When conga player John Nava and drummer Martin Binder hit on the idea to start an Afro-Cuban jazz group in 2012, little did they know how much lightning they would eventually let out of the bottle.
“We were looking to find a middle ground between the swing of traditional jazz and the beats and accents of Afro-Cuban music,” Nava says. “We originally envisioned having horns and great musicians playing quality tunes, so I guess we’ve accomplished that.”
But the two envisioned a traditional band. They had no idea the group would grow into more of a musical collective. That was beyond their original ambition – as were some of the band’s highlights that followed.
The group is currently producing original material for an upcoming second studio effort to follow their eponymous first effort, which was mostly all covers. And they are shooting for a return to the Monterey Jazz Festival stages in 2020 as a reprise of their 2017 sold-out debut, which resulted in a rousing standing ovation.
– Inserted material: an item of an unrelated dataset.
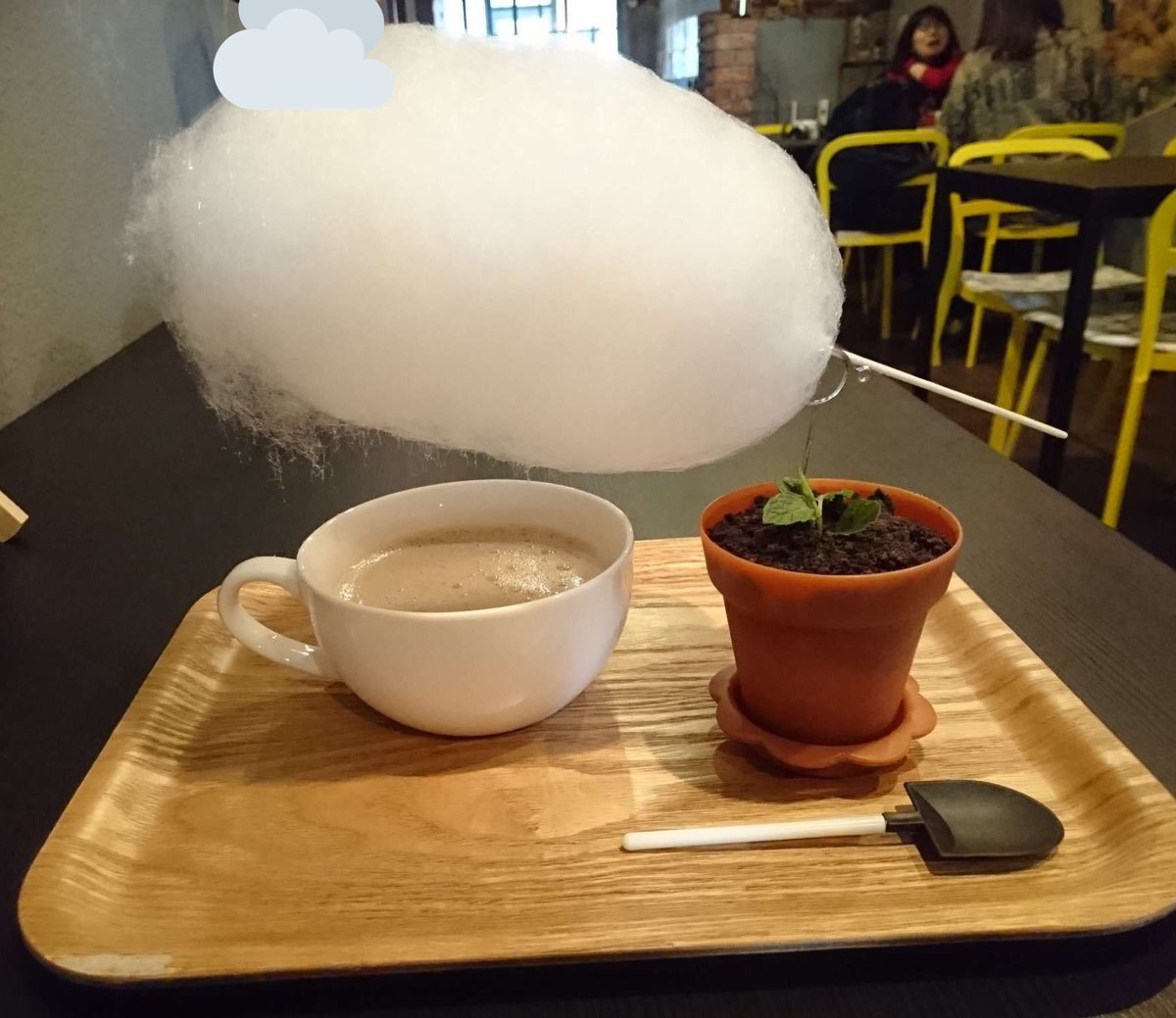Uzivatel ライマー烏丸 Na Twitteru 二条城からスグのお店アルファ フード ドリンクさんの雲下コーヒーです コーヒーの上に綿菓子がありコーヒーの熱で溶けてまるで雲の切れ目の様です 鉢植デザートも美味しくいただけました 雲下コーヒー 雲の下コーヒー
“I look around me onstage now and I wonder how in the world did I get lucky enough to be here,” Nava says. “This is me standing smack dab in the middle of my biggest dream. This is as close as you can get to being family without being related by blood.”
The collective’s growth has not caused them to abandon the original mission, however. With saxophonist Stu Reynolds, they have a songwriter versed in both swing and jazz, and now caught up in Caribbean rhythmic structures.
“Those rhythms that were brought to the Caribbean and ultimately to the Americas from Africa are completely compelling,” Reynolds says. “You immediately feel them in your body. When we combine them with traditional American jazz stylings it makes for a perfect marriage of head and body.”
Still, they retain an improvisational, free-swinging style, one that plays out well on stage.
“There may be written music and music stands around when you come to watch us, but remember: We come from the heart,” Nava says. “So forget about the bills and the problems and just let the rhythms and us take you away from it all, if only for a little while.”